You all will be glad to know that I survived my week at Camp Cheery. For the first few days it looked as though my lack of sorority-ness would doom me to failure, but I actually had a really great week. Orientation was the hardest part. I was staying with 9 girls who were my exact opposites or at least led very different lives from mine. I felt like I did when I was that weirdo at school. I was not at in a sorority, and the only intense parties I attended this year were study parties. By the end of the first day I was ready to leave. But things looked up pretty quickly, I bonded with the 2 other non-sorority counselors, and we had a really great, really dorky time during orientation.

Once the campers arrived, things really started to look up. My co-counselor and I had the best cabin! They went to bed early; none of them were homesick, and we only had one small behavior issue. By the end of the week my ego was so inflated it was insane. I was basically skipping around camp going, "Who's a great counselor?  This kid! Oh yeah! Oh yeah!" In my head that is. I really try not to be blatantly prideful/obnoxious. 

Anyway, being a camp counselor has a whole lot of job satisfaction. All my little girls were very sweet. One day they brought me a slightly squashed day lily because they knew it was my favorite. They hastened to explain that they had found it on the ground, so it was okay, right? Even my one behavior problem turned out to be a very sweet, albeit very sad, little girl. In fact, when I had the chance to talk to her one on one, I found that she was a very smart, thoughtful kid who just needed a little more attention. 

This same girl, whom I'll call Becky, was probably the kid who made my job seem really important. At all the meetings before camp opened, the directors would say things like, "You will never know the impact you will have on these girls' lives." And I thought, "Yeah, yeah, yeah." But Becky made me realize that what they said was true. From the start, Becky was a handful. She was loud, never listened, and seemed to have a knack for riling up the other girls. I was about to lose patience with her when something happened. The ringtennis coach (I'm not 100% sure what ringtennis is either), came up to my co-counselor and me and told us that she had had the girls going around the circle saying their names, where they were from, and why they had come to camp.
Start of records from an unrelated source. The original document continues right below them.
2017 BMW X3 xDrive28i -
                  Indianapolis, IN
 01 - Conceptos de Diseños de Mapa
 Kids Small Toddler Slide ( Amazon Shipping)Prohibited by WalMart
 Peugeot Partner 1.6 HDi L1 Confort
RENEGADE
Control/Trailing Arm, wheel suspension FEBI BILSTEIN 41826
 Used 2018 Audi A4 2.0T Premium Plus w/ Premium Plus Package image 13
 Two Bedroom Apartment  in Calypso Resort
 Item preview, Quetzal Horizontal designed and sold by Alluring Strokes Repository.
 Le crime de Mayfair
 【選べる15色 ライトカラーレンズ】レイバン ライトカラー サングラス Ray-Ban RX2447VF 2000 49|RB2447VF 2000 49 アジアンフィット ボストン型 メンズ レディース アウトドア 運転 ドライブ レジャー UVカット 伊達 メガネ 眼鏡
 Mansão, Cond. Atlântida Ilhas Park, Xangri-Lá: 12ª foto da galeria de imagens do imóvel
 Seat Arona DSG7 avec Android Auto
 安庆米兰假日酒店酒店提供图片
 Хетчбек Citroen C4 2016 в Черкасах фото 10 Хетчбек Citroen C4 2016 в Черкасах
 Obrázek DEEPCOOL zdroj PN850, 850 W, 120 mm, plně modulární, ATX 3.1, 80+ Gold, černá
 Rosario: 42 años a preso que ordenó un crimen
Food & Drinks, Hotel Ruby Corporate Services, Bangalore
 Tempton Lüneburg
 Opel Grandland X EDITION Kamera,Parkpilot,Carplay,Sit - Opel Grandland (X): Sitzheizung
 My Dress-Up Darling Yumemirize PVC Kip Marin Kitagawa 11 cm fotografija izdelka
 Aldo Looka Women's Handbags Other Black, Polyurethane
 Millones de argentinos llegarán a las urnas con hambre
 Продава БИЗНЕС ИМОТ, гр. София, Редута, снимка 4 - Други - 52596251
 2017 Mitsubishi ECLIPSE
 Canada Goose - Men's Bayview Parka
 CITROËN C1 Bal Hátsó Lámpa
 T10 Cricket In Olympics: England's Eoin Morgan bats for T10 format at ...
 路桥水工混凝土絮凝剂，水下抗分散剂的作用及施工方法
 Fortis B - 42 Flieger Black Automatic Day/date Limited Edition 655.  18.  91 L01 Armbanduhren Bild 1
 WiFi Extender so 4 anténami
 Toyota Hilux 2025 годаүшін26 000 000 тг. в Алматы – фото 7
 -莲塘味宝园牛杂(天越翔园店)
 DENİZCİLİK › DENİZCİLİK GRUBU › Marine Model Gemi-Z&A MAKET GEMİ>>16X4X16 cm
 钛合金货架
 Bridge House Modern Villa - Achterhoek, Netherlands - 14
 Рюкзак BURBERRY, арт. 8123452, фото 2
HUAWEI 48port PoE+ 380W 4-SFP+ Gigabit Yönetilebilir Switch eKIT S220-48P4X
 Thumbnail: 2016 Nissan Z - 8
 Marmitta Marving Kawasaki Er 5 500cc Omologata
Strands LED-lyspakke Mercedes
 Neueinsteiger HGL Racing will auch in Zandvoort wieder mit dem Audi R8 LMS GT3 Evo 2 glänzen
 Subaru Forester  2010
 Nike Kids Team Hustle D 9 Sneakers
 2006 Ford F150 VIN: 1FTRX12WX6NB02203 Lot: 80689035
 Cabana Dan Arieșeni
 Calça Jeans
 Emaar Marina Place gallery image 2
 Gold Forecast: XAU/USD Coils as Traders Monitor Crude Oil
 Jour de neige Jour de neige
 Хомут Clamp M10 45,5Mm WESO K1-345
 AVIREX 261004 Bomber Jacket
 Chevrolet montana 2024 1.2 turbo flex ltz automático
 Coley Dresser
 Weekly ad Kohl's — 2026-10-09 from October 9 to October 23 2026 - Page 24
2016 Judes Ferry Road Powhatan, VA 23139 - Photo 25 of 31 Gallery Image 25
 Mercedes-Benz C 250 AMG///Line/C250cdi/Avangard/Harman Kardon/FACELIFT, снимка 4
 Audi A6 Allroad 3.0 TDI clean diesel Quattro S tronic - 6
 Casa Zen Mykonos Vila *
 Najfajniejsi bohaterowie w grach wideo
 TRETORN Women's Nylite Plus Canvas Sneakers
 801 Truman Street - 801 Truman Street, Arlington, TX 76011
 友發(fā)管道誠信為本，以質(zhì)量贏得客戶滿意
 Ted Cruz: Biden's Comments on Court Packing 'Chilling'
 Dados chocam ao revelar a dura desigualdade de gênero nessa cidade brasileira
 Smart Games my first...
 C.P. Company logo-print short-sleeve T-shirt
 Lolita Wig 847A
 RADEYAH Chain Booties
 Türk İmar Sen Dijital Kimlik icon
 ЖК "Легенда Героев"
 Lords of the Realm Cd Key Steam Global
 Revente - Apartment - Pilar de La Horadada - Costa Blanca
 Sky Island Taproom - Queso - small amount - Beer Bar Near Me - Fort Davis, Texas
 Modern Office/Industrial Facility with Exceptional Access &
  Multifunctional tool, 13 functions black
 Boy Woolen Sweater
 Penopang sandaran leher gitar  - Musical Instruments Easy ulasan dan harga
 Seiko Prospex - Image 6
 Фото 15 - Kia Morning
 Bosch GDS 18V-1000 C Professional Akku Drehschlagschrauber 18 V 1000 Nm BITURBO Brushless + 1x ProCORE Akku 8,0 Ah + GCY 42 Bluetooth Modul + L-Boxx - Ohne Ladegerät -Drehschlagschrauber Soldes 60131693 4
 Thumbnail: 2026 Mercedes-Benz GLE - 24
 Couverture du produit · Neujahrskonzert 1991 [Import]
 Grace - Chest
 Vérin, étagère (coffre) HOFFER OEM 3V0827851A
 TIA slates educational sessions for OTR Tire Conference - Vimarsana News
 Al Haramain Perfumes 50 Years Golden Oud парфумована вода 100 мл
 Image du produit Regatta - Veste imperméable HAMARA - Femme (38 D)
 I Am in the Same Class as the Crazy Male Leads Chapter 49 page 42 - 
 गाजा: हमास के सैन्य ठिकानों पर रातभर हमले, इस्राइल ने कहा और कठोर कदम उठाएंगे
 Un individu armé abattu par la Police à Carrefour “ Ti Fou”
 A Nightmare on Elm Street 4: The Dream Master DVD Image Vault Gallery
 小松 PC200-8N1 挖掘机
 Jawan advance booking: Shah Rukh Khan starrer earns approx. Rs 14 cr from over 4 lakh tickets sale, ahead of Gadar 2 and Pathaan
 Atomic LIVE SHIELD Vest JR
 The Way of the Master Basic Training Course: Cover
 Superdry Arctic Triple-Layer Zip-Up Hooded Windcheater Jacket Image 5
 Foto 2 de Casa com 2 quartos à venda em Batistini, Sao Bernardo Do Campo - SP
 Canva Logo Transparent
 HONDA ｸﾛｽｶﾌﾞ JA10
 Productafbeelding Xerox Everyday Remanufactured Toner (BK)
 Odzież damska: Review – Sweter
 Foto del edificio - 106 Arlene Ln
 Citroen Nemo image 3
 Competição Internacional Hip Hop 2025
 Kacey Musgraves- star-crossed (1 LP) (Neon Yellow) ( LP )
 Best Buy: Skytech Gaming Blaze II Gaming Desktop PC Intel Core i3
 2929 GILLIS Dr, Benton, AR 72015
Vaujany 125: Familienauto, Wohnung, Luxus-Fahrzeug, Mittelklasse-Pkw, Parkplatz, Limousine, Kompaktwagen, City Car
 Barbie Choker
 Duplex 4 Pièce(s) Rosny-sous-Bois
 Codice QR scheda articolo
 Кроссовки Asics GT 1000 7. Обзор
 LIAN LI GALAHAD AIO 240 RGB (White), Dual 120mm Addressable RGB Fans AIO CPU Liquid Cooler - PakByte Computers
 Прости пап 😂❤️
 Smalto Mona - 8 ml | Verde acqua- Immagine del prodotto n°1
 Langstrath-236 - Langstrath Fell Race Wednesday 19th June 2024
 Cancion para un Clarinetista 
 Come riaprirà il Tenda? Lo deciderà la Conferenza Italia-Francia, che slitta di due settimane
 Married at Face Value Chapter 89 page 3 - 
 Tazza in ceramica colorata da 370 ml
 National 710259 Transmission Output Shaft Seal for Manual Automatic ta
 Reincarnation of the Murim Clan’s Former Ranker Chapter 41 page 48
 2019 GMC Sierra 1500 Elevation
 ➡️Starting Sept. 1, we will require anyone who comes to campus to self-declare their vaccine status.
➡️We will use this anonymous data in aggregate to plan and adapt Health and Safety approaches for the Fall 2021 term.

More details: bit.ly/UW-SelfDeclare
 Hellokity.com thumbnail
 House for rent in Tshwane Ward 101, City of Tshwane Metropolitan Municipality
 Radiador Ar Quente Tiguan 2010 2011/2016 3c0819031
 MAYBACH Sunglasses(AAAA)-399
Becky, after giving her name, had informed the group that she was there because her parents "needed a break." 

Immediately Becky's behavior became understandable to me. If her parents had that attitude about sending her to camp  no wonder she was trying to attract attention. This is the only part of  camp that truly made me unhappy: I had a week to prove to these girls that they are loved, something which their parents are not willing to show them in a lifetime.  Honestly getting the chance to treat Becky like the intelligent, sweet little girl that she is made my week-long job (and puny paycheck), seem worth it.